## [Data for the task]
↓↓↓
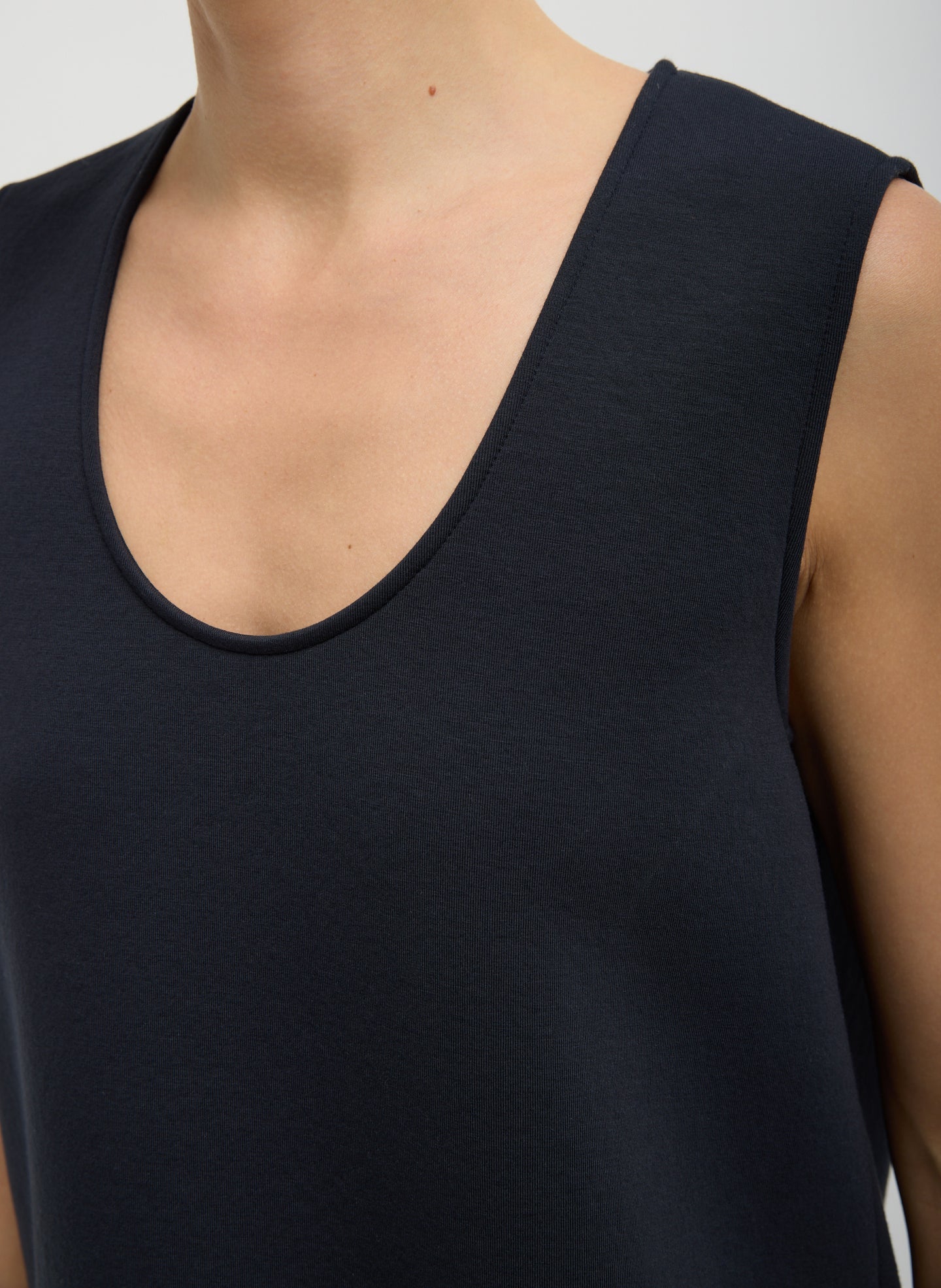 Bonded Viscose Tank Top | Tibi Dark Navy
↑↑↑
↓↓↓
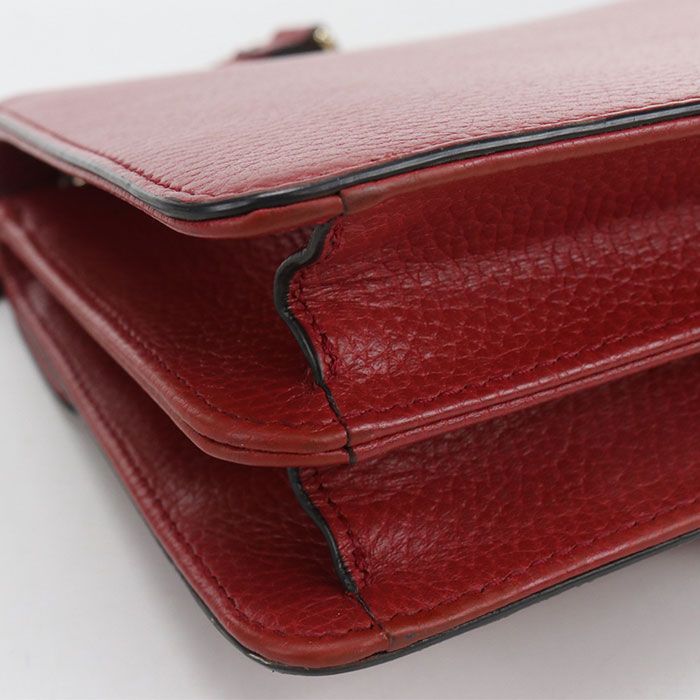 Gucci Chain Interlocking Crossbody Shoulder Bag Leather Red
↑↑↑
↓↓↓
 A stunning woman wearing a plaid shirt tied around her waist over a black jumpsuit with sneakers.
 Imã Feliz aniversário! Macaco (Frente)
↑↑↑
Could you write out, exactly as they stand, only the lines above that begin at the line with "A stunning woman" and stop after the line with "Imã Feliz aniversário! Macaco (Frente)"?

## [Reply]
 A stunning woman wearing a plaid shirt tied around her waist over a black jumpsuit with sneakers.
 Imã Feliz aniversário! Macaco (Frente)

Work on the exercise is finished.